They could instead decide to kill us.

And knowing Carmen DeLucca, who had killed so often he had nothing to lose, I knew this last possibility was real. And I didn't like it. Mary, seated in the semidark john and looking up through the red-print curtains, knew it too, and did not like it either. That's why she was crying and hysterical.

It was not knowing what course they would take, and the complete powerlessness over it, that was so frightening. It was not only scary, it was exhausting. I was scared to death and weak and tired, all at once.

And then DeLucca came into the room where I was handcuffed and asked me what I had done wish the strip of photo negatives.

At quarter to ten I came to and looked down at the wires taped to my left forearm. DeLucca was good with wires and juice; he could set off gas bombs with them and make people unconscious from pain. I smelled singed hair and skin. Mine. And all because I couldn't answer his question.

Then DeLucca and his gang said they were going to work on Mary until they got an answer. I could hear her saying "Don't- please don't," over and over again. I knew if I ever got a chance to kill any one of the three I would do it. They came back and sat down and told me Mary was not injured.

"Marty just got a little fresh with her, didn't you?"

Babyface leered at me. I tried to lunge at him but was now tied into the chair with a strap. I felt like a marionette. I swore at him until he cracked me across the mouth with the back of his list. I didn't mind the pain; it seemed to wake me up.

"Okay," said DeLucca. "So you don't have it and don't know where it is. I didn't think you did, but I hadda make sure." Then he sat on the sofa, hunched over, and clapped his hands slowly together, thinking. He turned to his confederates.

"We got nowhere to go now, except away. We can't go back to Lynn now. We can't go to Andover. The Doc ain't got it; we can't get it. The whole Mob's after us. We can only get lost."

The third man, a tall, thin, and morose lout with pale skin and bad teeth, stood up and paced.

"Don't forget the money, Carmen," he said. "We got the cars; now we need the loot."

Carmen DeLucca looked at me and said they needed five thousand bucks in cash, and it gave me a little hope. Because I knew that as long as I was in the process of getting him the money, Mary and I were safe.

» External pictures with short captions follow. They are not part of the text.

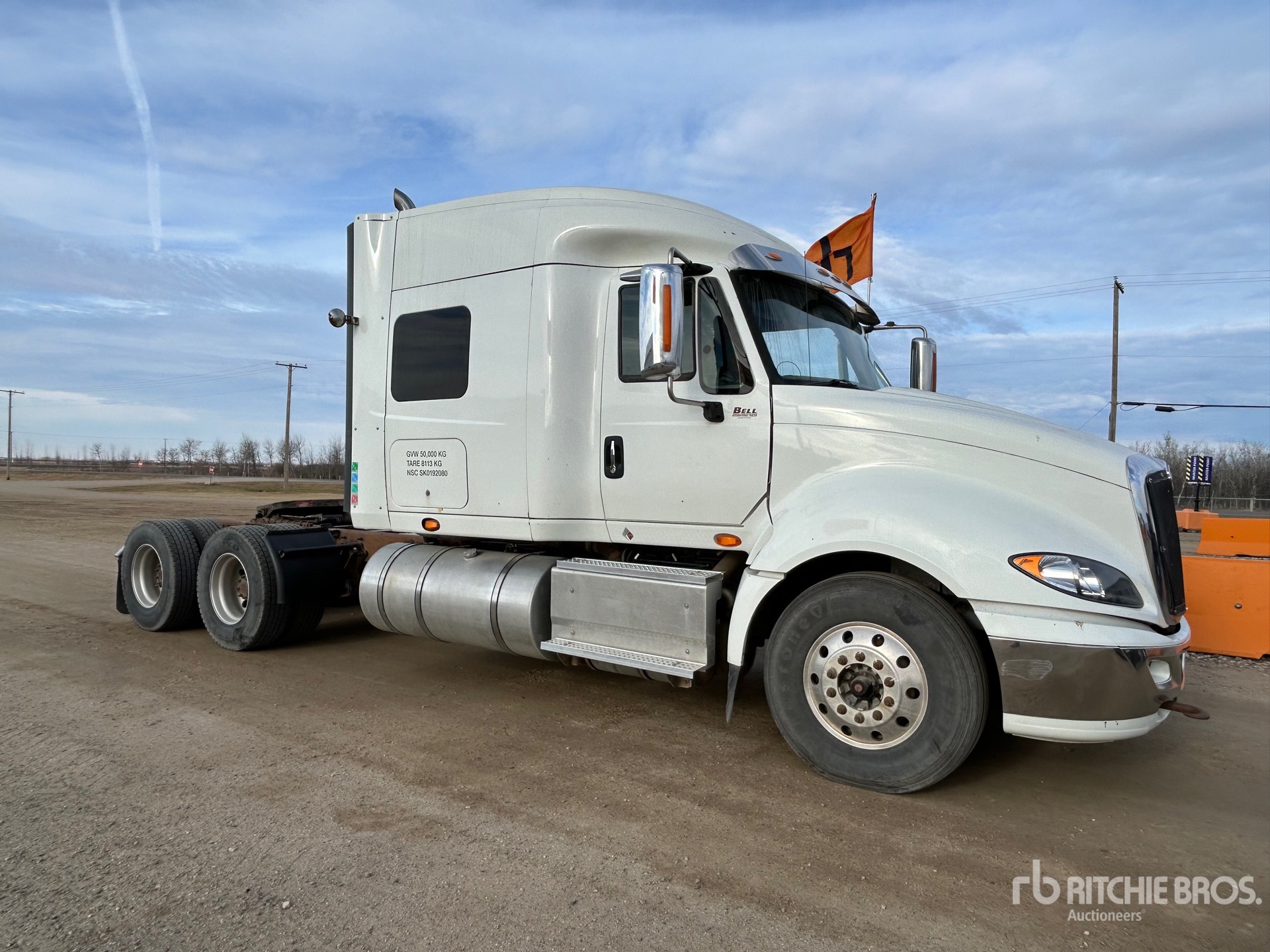 Aspect général with Image, coin avant gauche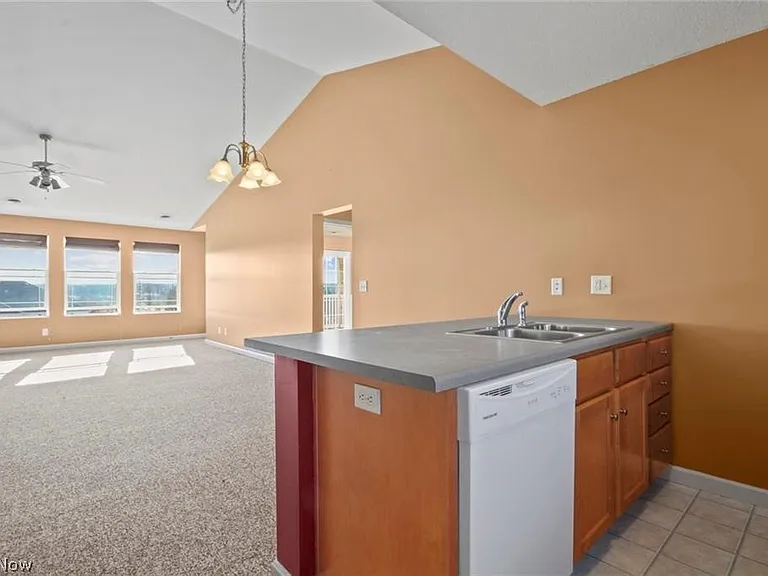 863 Cedar Way #605 — Photo 3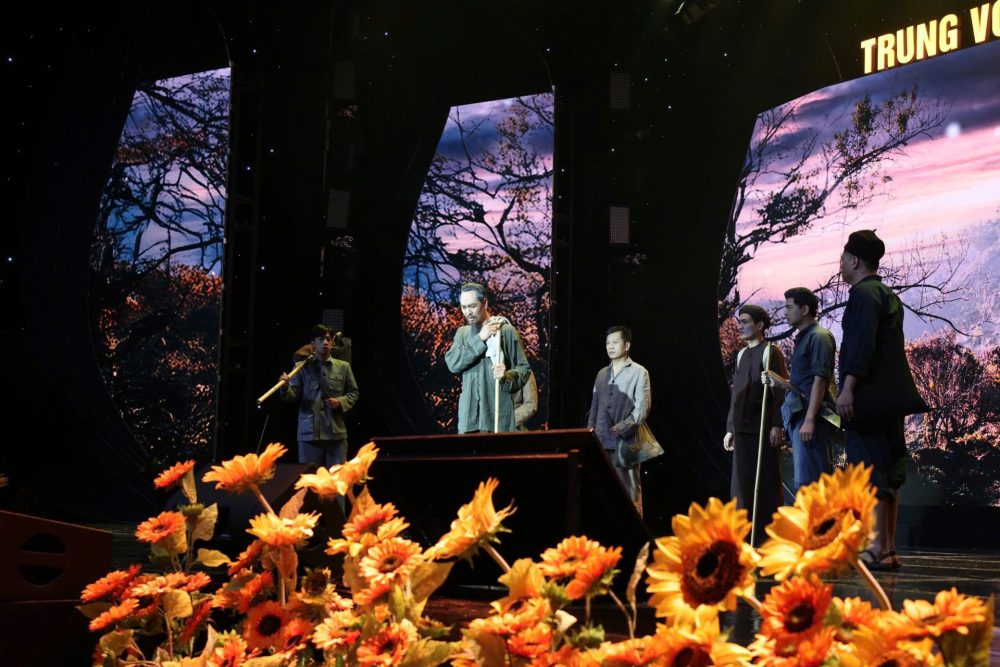 Chương trình nghệ thuật chính luận “TRUNG VỚI ĐẢNG, HIẾU VỚI DÂN” Chương trình nghệ thuật chính luận “TRUNG VỚI ĐẢNG, HIẾU VỚI DÂN”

"I can get that for you, but it won't be before this afternoon, even if I started now. We've got very little money in savings and checking accounts; it's mostly tied up in investments and term accounts that take some time to free."

"How soon?"

I shrugged. As used to big money as a guy like DeLucca was, he probably had no experience with or knowledge of the ways in which straight people keep money. A thug gets a bankroll and spends big bills until the roll is gone, then works at getting another.

"There are a lot of papers to sign. I'd have to see two bankers and my tax lawyer to free most, of it. About eighteen hundred you can have in twenty minutes."

"Not enough," said DeLucca. He did not bridle at the fictitious red tape I spewed about bankers and lawyers. There would be penalties for tapping the term accounts, but no red tape. I told him I could furnish the deposit contracts and explain them to show I was telling the truth, but he shook his head. He believed me. He knew only street money and bad checks; anything else was beyond him.

Then the tall one called Carmen out of the room for a talk, and I didn't like that at all. They could just decide to put both of us on ice now and get moving. I heard arguing in low voices, both urgent. The men were cornered and scared, and very mean to begin with. That spelled danger. But by the time they came back I had a better idea.

"I know where you can get twenty thousand in small bills. In a sack, ready to go, unmarked. Twenty thou. And I can have it delivered."

It was some time before DeLucca answered. He sensed a trick.

"How soon? And how many people you gotta visit?"

"One phone call and it's on its way. I don't have to see anybody, DeLucca, so you don't have to worry about me blowing it. But the deal is, you get the cash and we go free."

"The deal is like it was planned: we get the dough and Marty and Vince and your wife hole up in a motel room we've rented near here. You and me, we take the red car and drive away. Someplace deserted I let you out of the car and keep going… and you remember that your lovely wife is still in that motel room. They are not to touch her unless I say otherwise or unless the law comes in. Then she dies. But I get where I'm going safe, and I figure you haven't called any law, and if when I call this motel room everything is cool there, then, but only then, they tie your wife inna chair and wrap a hanky around her mouth and turn the TV up loud and leave. Got it?"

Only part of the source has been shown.